In philosophy, by contrast, we are rarely in a position to say that. Our field is a bit less about using familiar techniques for answering questions, and rather more about inventing techniques for answering questions. Philosophy therefore requires considerable creativity and freedom of thought, combined with considerable rigour and discipline of thought: the rigour is required because rigorous technique is our goal; the creativity is required because we have no idea at the outset which techniques will resolve our mysteries.
Philosophy therefore requires considerable creativity and freedom of thought, combined with considerable rigour and discipline of thought.

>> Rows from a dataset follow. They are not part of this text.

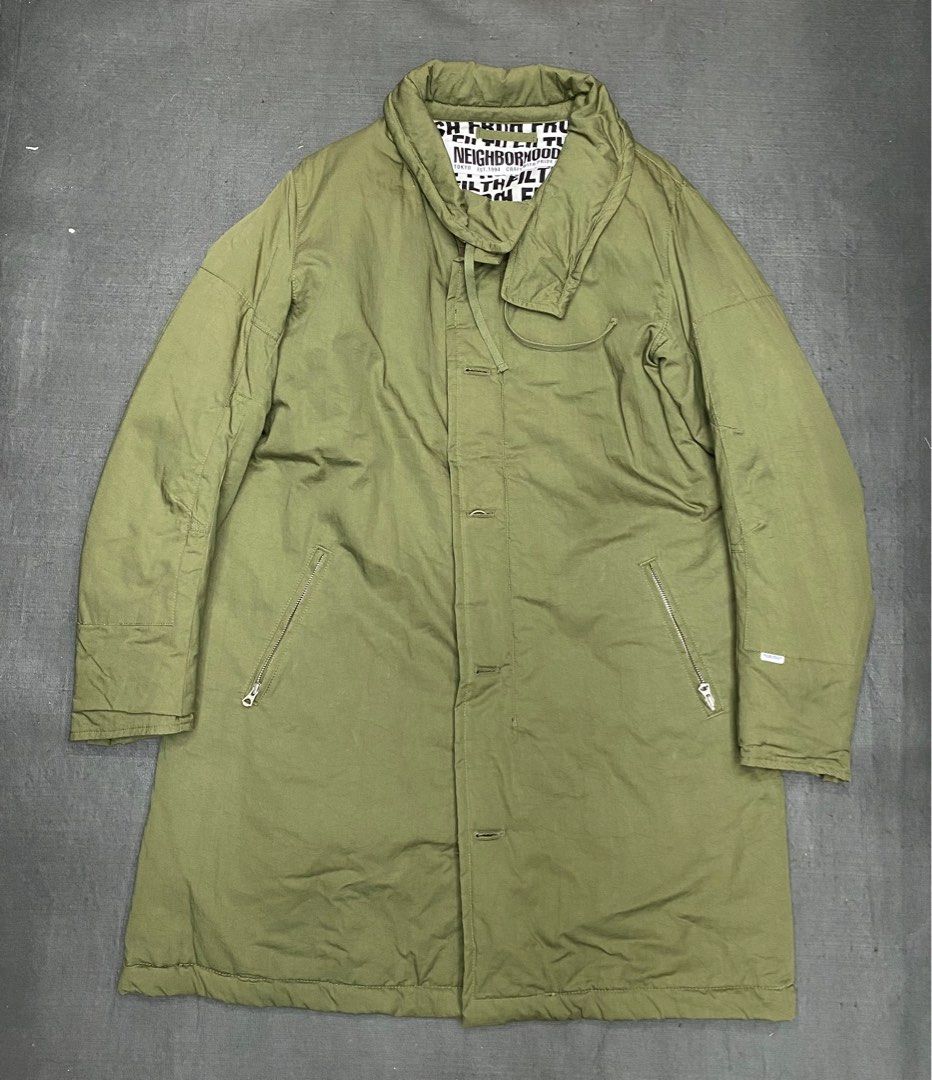 NEIGHBORHOOD THUNDERSTRUCK / ER-JKT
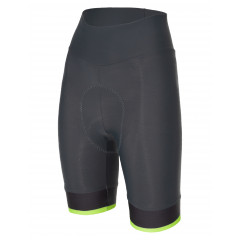 SANTINI Dámské kraťasy bez šlí Giada Lux Lady Grey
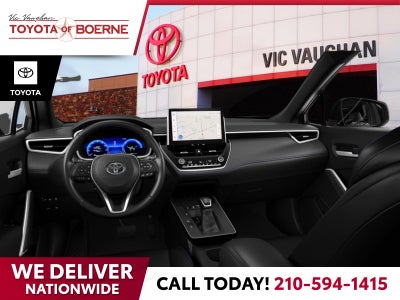 2026 Toyota Corolla Cross Hybrid Hybrid XSE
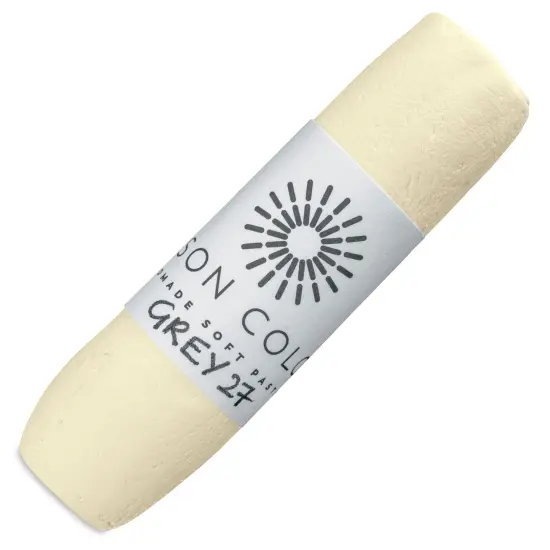 Unison Large Soft Pastel - Grey 27 {1}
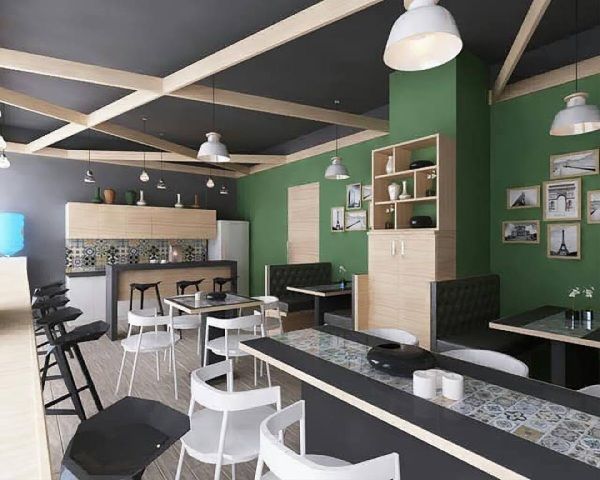 Cafe Interior Design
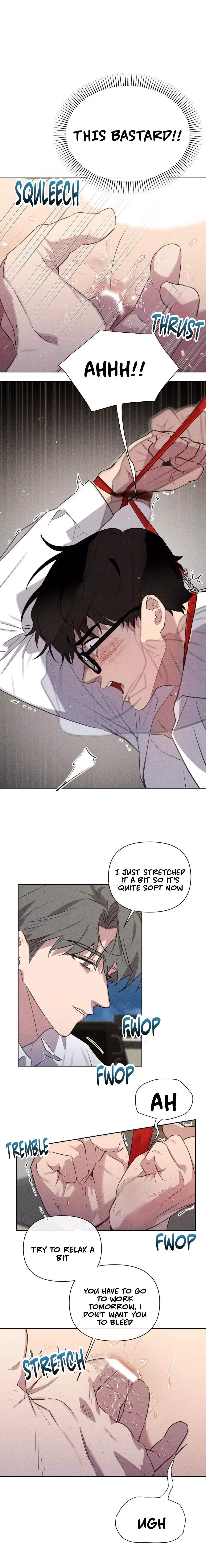 Perfect Leash - Chapter 12 Page 7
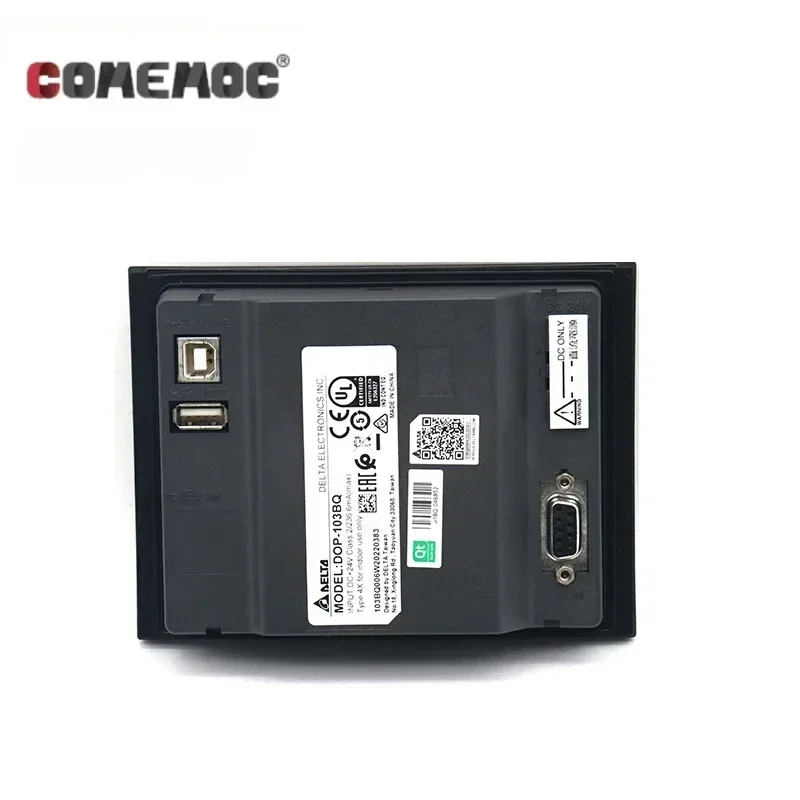 Delta HMI Touch Screen DOP Series DOP-103BQ DOP-103WQ 4.3inch 100% Brand New
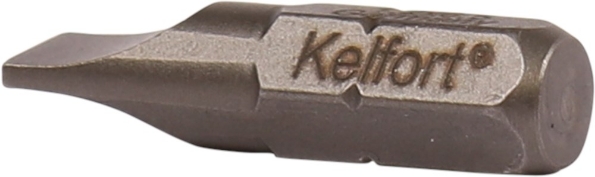Afbeeldingen van Kelfort Bit sleuf 6.5x1.2-25mm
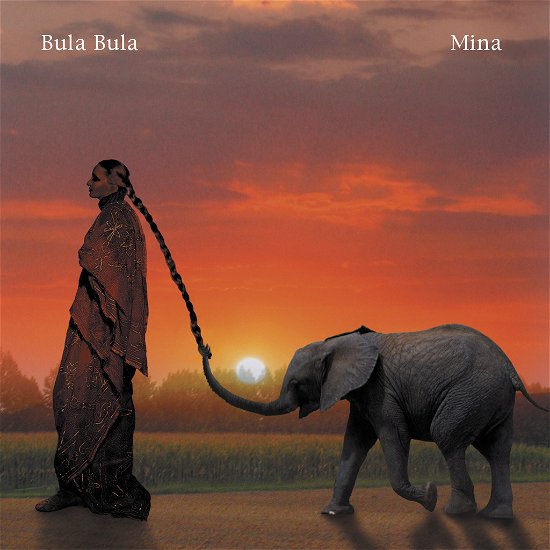 Cover for Mina · Bula Bula (CD)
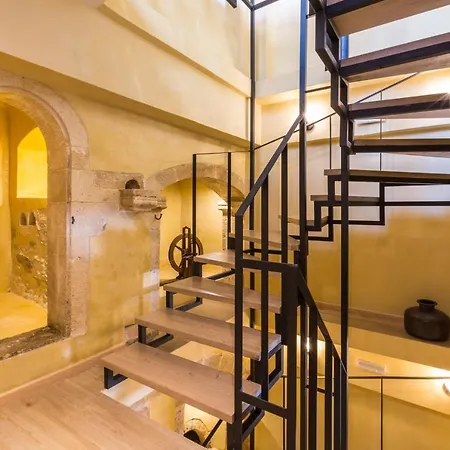 Cressa - Adults Only 호텔 레팀노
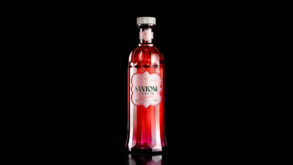 La nuova bottiglia di Santoni L'Aperitivo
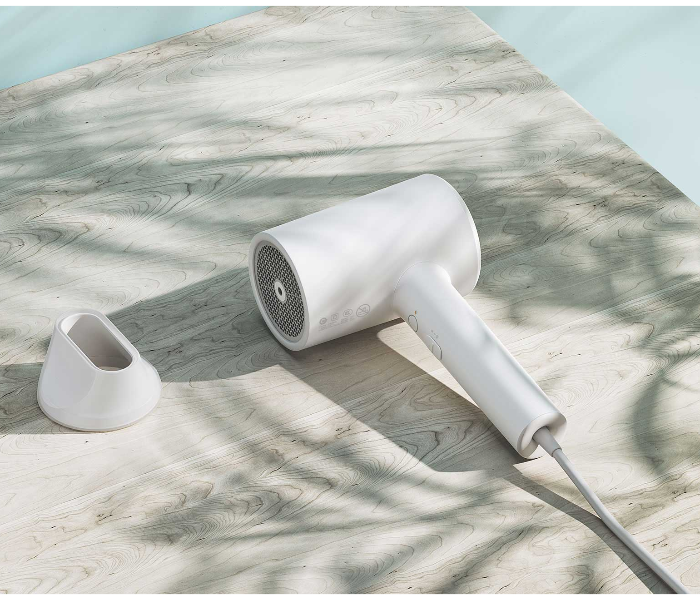 Xiaomi Mi Ionic Hair Dryer - White - Zoom Image 5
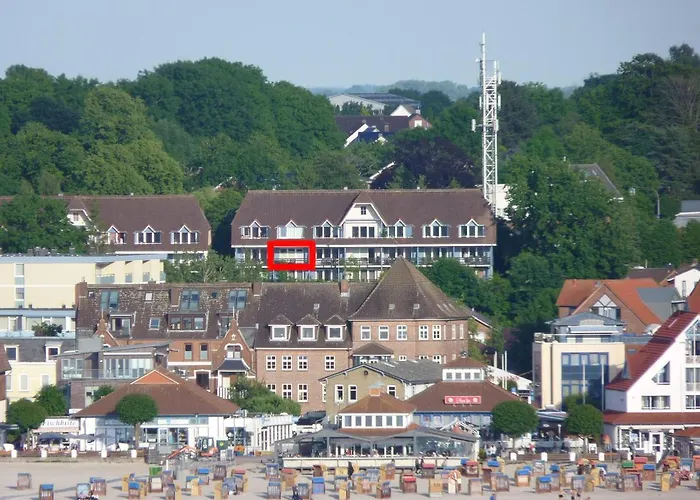Ostsee-Fördeblick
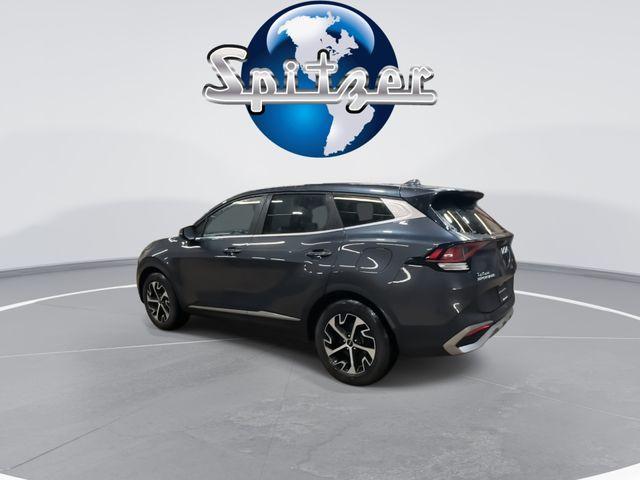 used 2023 Kia Sportage car, priced at $21,239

This, by the way, lets us explain the data we started out with: the idea of philosophy as an intensive, conversation-driven immersion in issues that, while at some remove from daily practical matters, nevertheless engage with our desire for a meaningful life. Issues like this often have answers that we take for granted, but find hard to articulate or justify when pressed. They are therefore mysteries. Philosophy is conversation-driven because dialogue enhances creativity but also serves as a check on wild speculation. And philosophy is intensive and immersive because few things are more fun than rigorous consideration of important mysteries in cooperation with like-minded friends!
What other mysteries do philosophers think about?
Value theory
What is it to be a good person? How should I live my life? How should I interact with others? What things are right and wrong? What are right and wrong? When something is right or wrong, why? What is justice? How should a government work? How should a government be elected? What are rights? What rights are there? What is it to own something? What rights do I have when I own something? How should a business operate ethically? Is abortion (or euthanasia, or triage) sometimes not OK, and if not, when? What do we owe to animals, or the environment? What is beauty? What makes something an artwork?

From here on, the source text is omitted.